Depois de muita expectativa cheguei a Atarés. Tinha certeza que, se fosse preciso, estava preparado para caminhar outro trecho semelhante – depois, é claro, de tomar uma xícara de café com leite e comer alguma coisa... O pueblo, contudo, se resume a cerca de 30 casas e nenhum estabelecimento comercial. Apenas uma bica pública de água pura, gelada, que usei para encher as duas garrafas de plástico que carregava e que estavam vazias. Ao conversar com alguns moradores que me cercaram enquanto descansava, constatei que não teria qualquer apoio até San Juan de la Peña. A única opção era seguir em frente. E foi o que fiz.

Quando deixei Atarés, às 17 horas e 56 minutos, tirei duas fotos: de frente, congelei o que me esperava, ou o que achava que me esperava; virei de costas, disparei e dei adeus ao pueblo.

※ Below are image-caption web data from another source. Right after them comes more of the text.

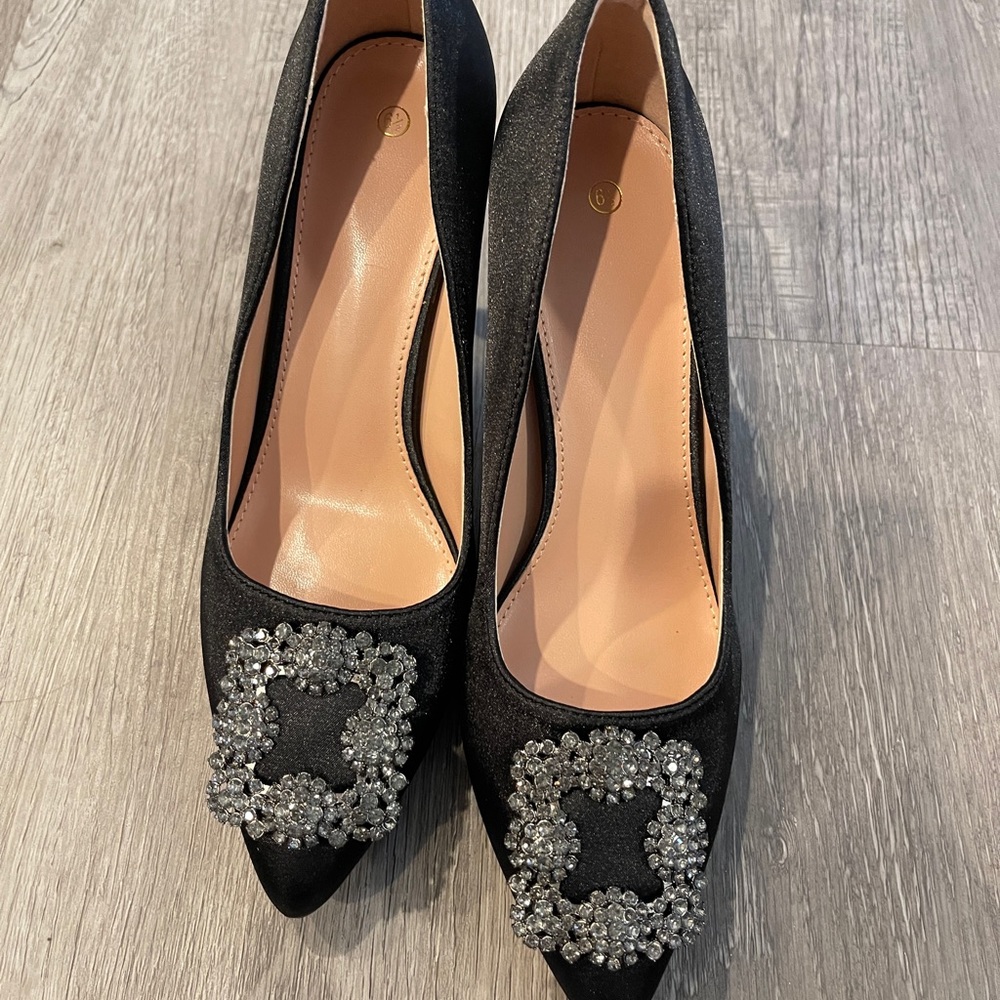 Black weeding high heels
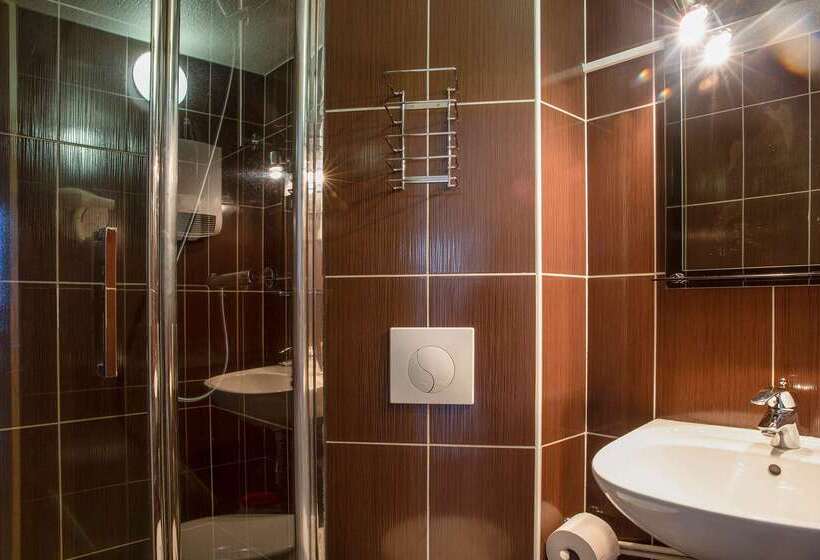 호텔 The Originals City, Hôtel Orléans Nord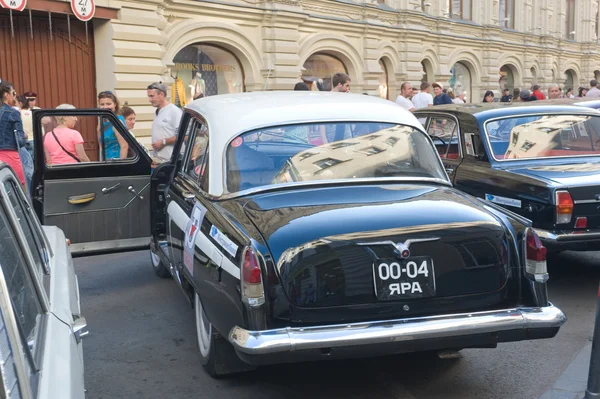 Auto retrò nero sovietico "Volga" GAZ-21 rally retrò Gorkyclassic su gomma, Mosca, vista posteriore — Foto Stock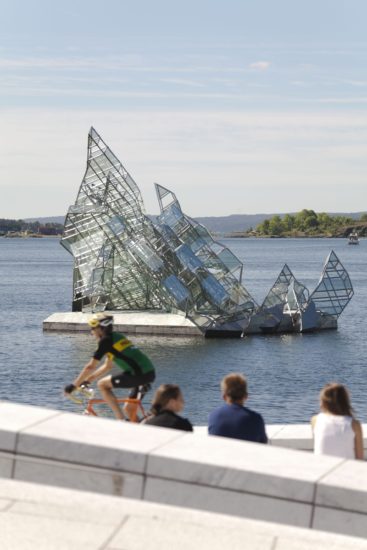 <em>She Lies</em>, Monica Bonvicini. Photographer: Werner Zellien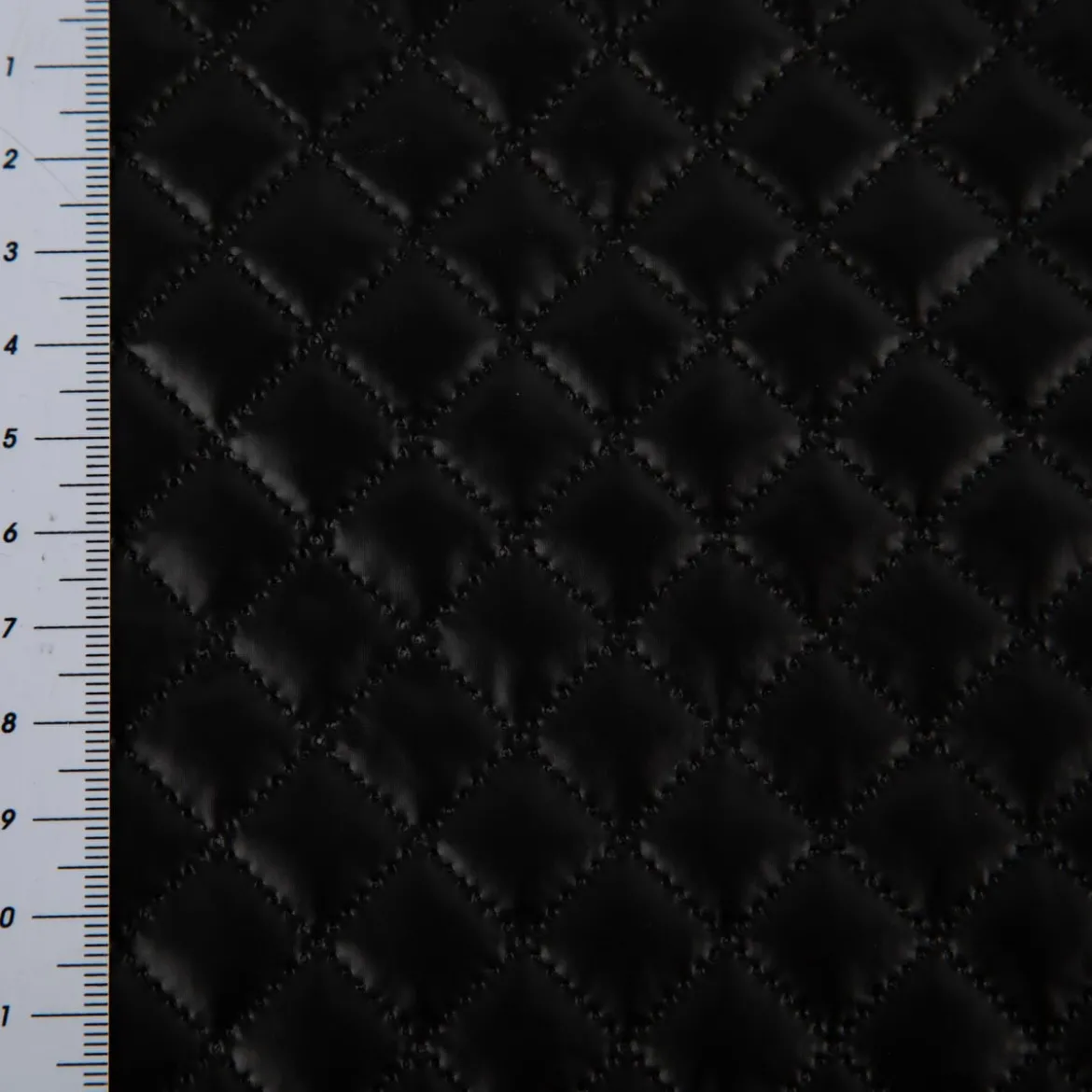 Steppstoff Metallic Schwarz Rautensteppung 140cm Breite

Foram mais 10 a 12 quilômetros de subidas e descidas e muita luta, comigo mesmo, para vencer o cansaço, recompor minha respiração, o senso de direção na busca dos sinais que Melchior garantira que havia feito. Muitas subidas íngremes pareciam escadas. E subiam, subiam, subiam... Hoje, recorrendo a mapas e informações sobre o lugar, não está claro como o trecho é difícil. Olhava sempre para o meu relógio, passava das 19 horas: dava passos durante 1 ou 2 minutos, e descansava 3, 4 minutos, até sentir o coração acalmar; sorvia um gole d’água e voltava a caminhar. A mochila não pesava apenas 10 quilos, com certeza não eram apenas 10 quilos... Sem tirá-la, algumas vezes sentei numa pedra e esperei me recuperar; em outras, fiquei em pé, com as pernas abertas, apoiado no bordão... Rezei muito para não perecer ali, sozinho. Pensei em largar tudo e subir... Mas, e aí? Teria que retornar depois... “Eu consigo, eu consigo”, repetia para mim, para me convencer de que, afinal, eu conseguiria.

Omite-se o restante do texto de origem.